The prisoners number the colors $0$ through $6$; say red $=0$, orange $=1$, yellow $=2$, and so on through violet $=6$. They also number themselves $0$ through $6$; I’ll simply call them $P_0,P_1,\dots,P_6$. When the hats are put onto their heads, each prisoner performs the following calculation: he adds up the numbers of the colors of the six hats that he can see and subtracts that from his own personal number. For example, if $P_3$ sees hats with colors $0,2,2,5,5$, and $6$, he calculates $$3-(0+2+2+5+5+6)=-17\;.$$ Then he reduces this modulo $7$ to a number in the range from $0$ through $6$. If you’re not familiar with modular arithmetic, that simply means that he adds or subtracts $7$ repeatedly until he gets a number in the desired range. In this case $-17+3\cdot7=4$ is the final result. This is the number corresponding to the color blue, so he writes down blue. The claim is that if every prisoner follows this procedure, one will write down the name of the color of his own hat.
Here’s why it works. Note first what happens if $P_3$’s hat really is blue: then the hat colors add up to $$0+2+2+5+5+6+4=24\;,$$ and when we reduce this modulo $7$ we get $24-3\cdot7=3$, $P_3$’s personal number. The procedure ensures that this happens with each prisoner: he guesses the hat color that would make the sum of all seven hat colors equal (modulo $7$) to his own personal number.
Whatever the actual colors of the hats, their numbers must add up (modulo $7$) to one and only one of the seven numbers $0,1,2,3,4,5$, or $6$. Say they add up to $k$. Then $P_k$ and only $P_k$ writes down the color that makes the total correct. Every other prisoner writes down a color corresponding to one of the other six possible totals. Let’s say that $P_k$ wrote down color number $c_1$, that his own hat’s color is number $c_2$, and that the color numbers of the six hats that he could see added up to $t$. Then on the one hand the procedure ensures that he chose $c_1$ to make $t+c_1$ equal to his own number, $k$, modulo $7$, and on the other hand we know that $k$ is the actual total of the seven color numbers, so $t+c_2$ is equal to $k$ modulo $7$. In short, $t+c_1$ and $t+c_2$ reduce to the same number modulo $7$, so $c_1=c_2$: he wrote down the color of his own hat.
Instead of colors, pretend the hats are labeled with the elements of $\mathbb{Z}/7$. When strategizing, you agree on the color-to-group-element correspondence, and assign each prisoner a distinct element of $\mathbb{Z}/7$. The prisoner who is assigned $k$ makes the guess which, if true, would make the sum of all the hats be $k$.

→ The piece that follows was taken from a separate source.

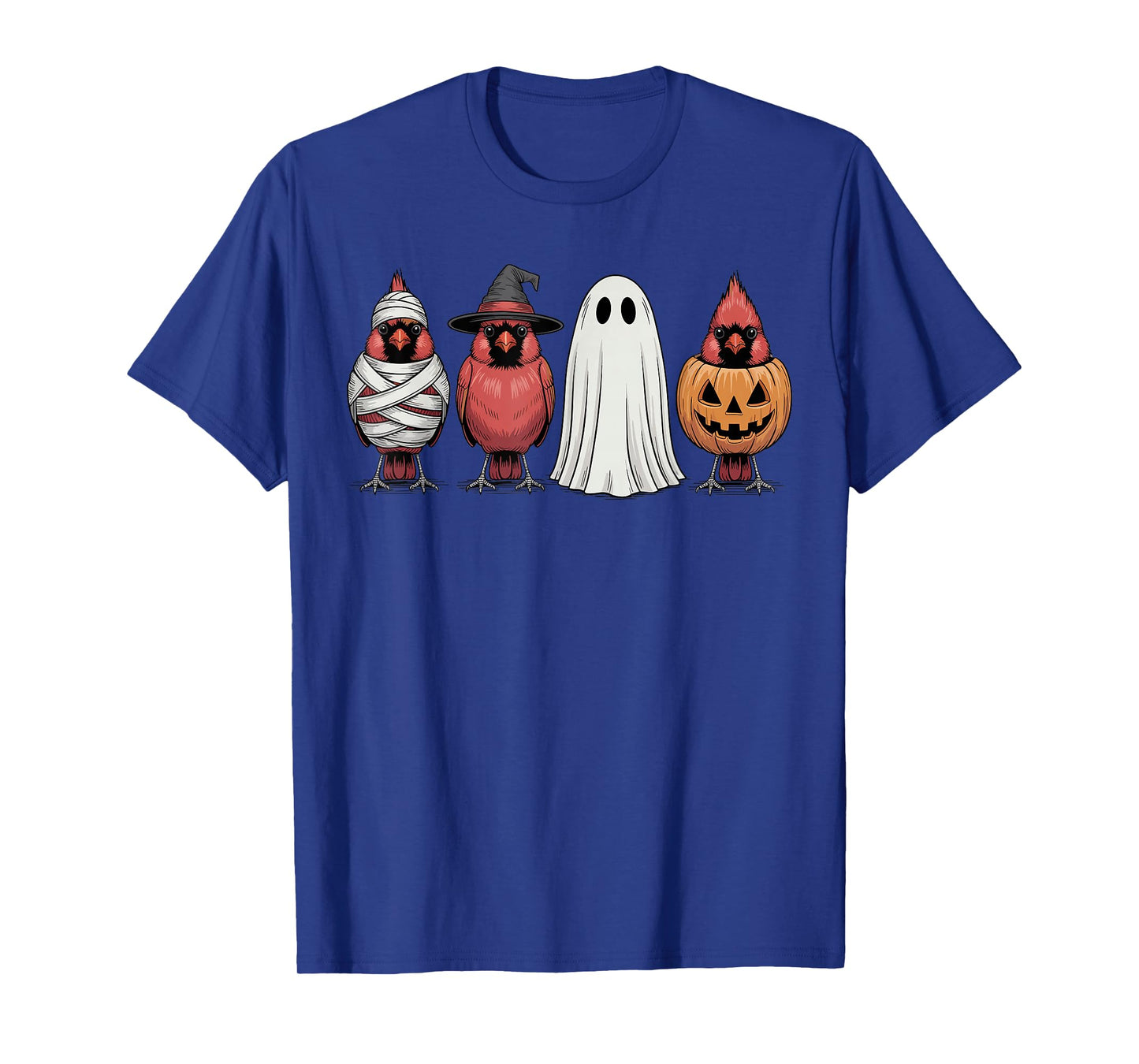 Spooky Ghost Red Cardinal Bird Pumpkin Halloween Skeleton T-Shirt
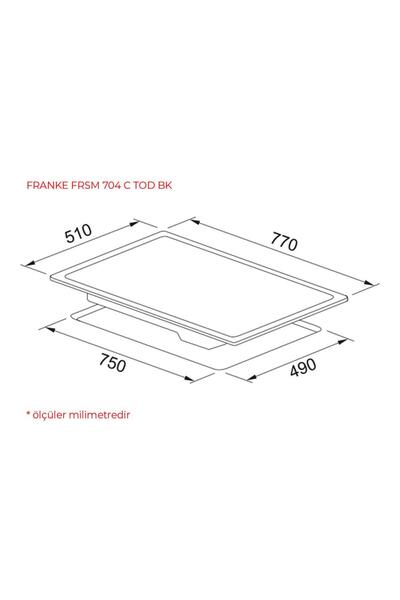 Franke FRSM 704 C TOD BK Ankastre Ocak, Siyah cam, 77cm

One useful route toward solutions to this kind of problem is to use linearity of expectation. In this problem, if the executioner places the hats using independent uniform random distributions, any strategy will lead to each prisoner having a $1/7$ chance of guessing correctly, and so the expected number of correct guesses is always $1$. This means that guaranteeing a correct guess is equivalent to guaranteeing that no two people will ever come up with a correct guess simultaneously, which I think is easier. A lot of other problems of this general type (like the 100 boxes problem) can be understood better in this way.
There is a similar puzzle here with a pretty well explained solution as well: Prisoner Hat Riddle
Seems important to state any assumptions that may be missed in the problem as well.